- Provided data
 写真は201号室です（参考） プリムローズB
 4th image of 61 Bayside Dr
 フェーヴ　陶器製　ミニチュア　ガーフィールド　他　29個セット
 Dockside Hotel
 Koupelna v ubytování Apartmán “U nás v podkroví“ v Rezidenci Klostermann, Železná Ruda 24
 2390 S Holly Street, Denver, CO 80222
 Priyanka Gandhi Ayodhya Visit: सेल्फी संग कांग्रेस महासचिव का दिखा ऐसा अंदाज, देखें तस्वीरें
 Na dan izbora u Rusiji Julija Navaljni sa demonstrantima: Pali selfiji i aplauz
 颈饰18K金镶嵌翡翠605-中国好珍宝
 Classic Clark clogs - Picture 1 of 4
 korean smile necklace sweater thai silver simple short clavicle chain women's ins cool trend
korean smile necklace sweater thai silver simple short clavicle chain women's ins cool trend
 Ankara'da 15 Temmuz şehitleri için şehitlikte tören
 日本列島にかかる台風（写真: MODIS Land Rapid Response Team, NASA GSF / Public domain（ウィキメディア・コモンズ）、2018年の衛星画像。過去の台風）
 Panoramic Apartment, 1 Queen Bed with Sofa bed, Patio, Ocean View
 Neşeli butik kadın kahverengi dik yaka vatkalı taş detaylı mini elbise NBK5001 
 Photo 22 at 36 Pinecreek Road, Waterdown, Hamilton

- Activity
Write out, please, only the lines from the one with "Classic Clark clogs - Picture 1 of 4" through the last line above, both included and unchanged.

- Task solution
 Classic Clark clogs - Picture 1 of 4
 korean smile necklace sweater thai silver simple short clavicle chain women's ins cool trend
korean smile necklace sweater thai silver simple short clavicle chain women's ins cool trend
 Ankara'da 15 Temmuz şehitleri için şehitlikte tören
 日本列島にかかる台風（写真: MODIS Land Rapid Response Team, NASA GSF / Public domain（ウィキメディア・コモンズ）、2018年の衛星画像。過去の台風）
 Panoramic Apartment, 1 Queen Bed with Sofa bed, Patio, Ocean View
 Neşeli butik kadın kahverengi dik yaka vatkalı taş detaylı mini elbise NBK5001 
 Photo 22 at 36 Pinecreek Road, Waterdown, Hamilton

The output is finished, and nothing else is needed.